イスラエルの子ら、全会衆はモーセとアロンに不平を言った。

「あなたたちは神様の民を殺した」

神様はモーセに告げた。

「わたしは彼らをただちに滅ぼし尽くす」

神……。
そしてすぐに疫病が発生する。

神様の怒りによって起きたことだね。

モーセとアロンはそれを食い止めようと、贖(あがな)いの儀式を始める。

それで疫病はおさまるのだけれど、14,700人もの死者が出てしまった。

イスラエルの子らはモーセにこう言った。

「わたしたちは死に絶えてしまいます」

「わたしたちはみな、滅んでしまいます」

いよいよ追い詰められて、不平言うてる場合でもないわな。

不平やのうて、嘆きやでこれは。

イスラエルの子らはツィンの荒れ野に着き、民はカデシュに留まった。

ミリアムはそこで死に、その地に葬られた。

モーセとアロンの姉、ミリアムがここで死ぬ。

聖書には書かれていないけれど、モーセとアロンはきっと悲しんだろうね。

そしてその悲しみがきっと、モーセに心の弱さをもたらした。

それはモーセすらも神を疑ってしまうという弱さだった。

水を求める民の声に応じてモーセとアロンは神の言葉を聞いた。

「岩に命じて水を出させよ」

モーセは集会を岩の前に召集して言った。

「反逆する者たちよ聞け。
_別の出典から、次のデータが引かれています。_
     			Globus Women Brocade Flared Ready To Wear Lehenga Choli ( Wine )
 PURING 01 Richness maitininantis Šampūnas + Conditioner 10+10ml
わたしたちはこの岩から水を湧き出させることができる」

モーセは杖で岩を二度打った。

すると水が豊かに出てきた。

神様はモーセとアロンに告げた。

「お前たちは私を信じようとしなかった」

いやいや、ちゃんと言われた通りにやったやん。

何がご不満やねん。

厳密には言われた通りにやらなかったんだ。

神様は“岩に”命じろと言った。

けれどモーセは民に声をかけてしまった。

そして一度ではなく二度も岩を叩いた。

一度では心もとないという不安の表れだったのさ。

めちゃくちゃ厳しいな。

災難と奇跡によって反逆はおさまるわけだ。

実際、「それどころじゃない」という感じがするね。